After a bit of drama, the family (with the little girl now) all get back into this monstrosity that looks like it was built in the garage of a nephew who is really into tuners but very low on both funds and skills.
The camera outside pans across the body of the vehicle as the lead female inside reaches for the hand of her man in the seat across from her.
His mind is in other places, reflecting on some personal affairs. He snaps to the present, looks in her eyes, and grabs her hand with warmth.
And right now is a perfect time to end the scene as the vehicle begins to pull off. But instead? Instead the carhorn blows. And it plays something that sounds pretty much like “La Cucaracha.” Only not “La Cucaracha.”
And THEN to commercial.
Wait, what? ¿Que?
4) The civility of people here impresses me so. It’s somewhat sad that it does, but living in South Beach (a hub for self-centered people) for so long has made me appreciate and enjoy even more the courtesy in people when it’s displayed. Riding the bus, I watch young men and old men alike stand up to offer their seat to a woman with a child. Or children move to share a seat with someone else so that a mother and her children can sit together. Civility rules. As it always should.

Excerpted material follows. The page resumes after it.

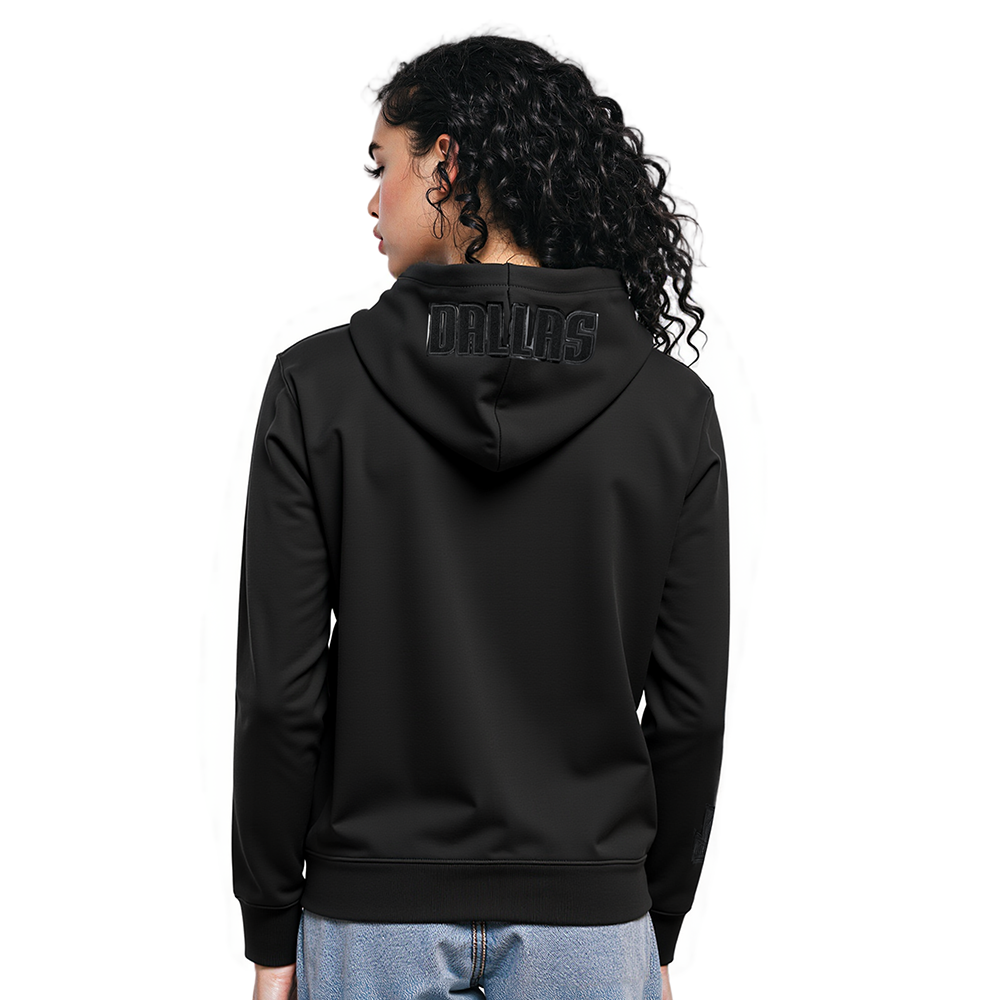 NBA DALLAS MAVERICKS TRIPLE BLACK WOMEN'S FLC PO HOODIE (TRIPLE BLACK)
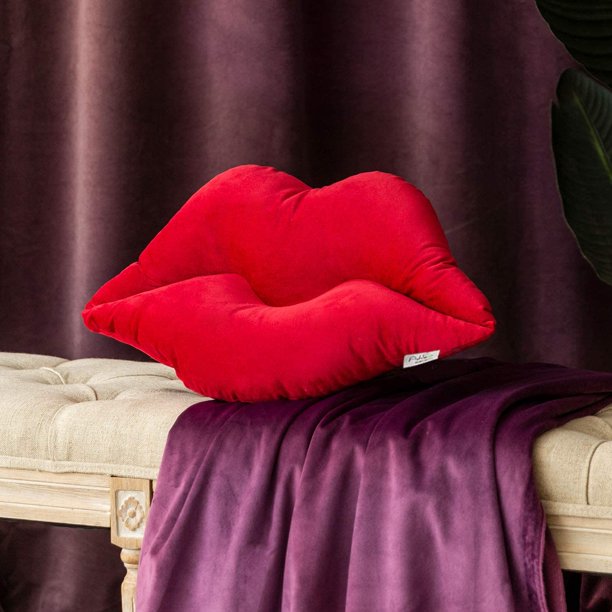 Ashler 3D Lips Soft Velvet valentine's day Decor Throw Pillows for Couch Bed Living Room, Insert Included, New Red, 20 X 11 inches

5) I’m fascinated by the different surfing styles of the locals. As I watch them more and more, I begin to identify their unique style. It’s interesting to witness. One guy will cut through a wave with such technical precision. Another seems to float across the waves. The stance. The cutback. The dive, the fall, the slip into the ocean at the end of the ride. It’s great fun to watch AND to photograph.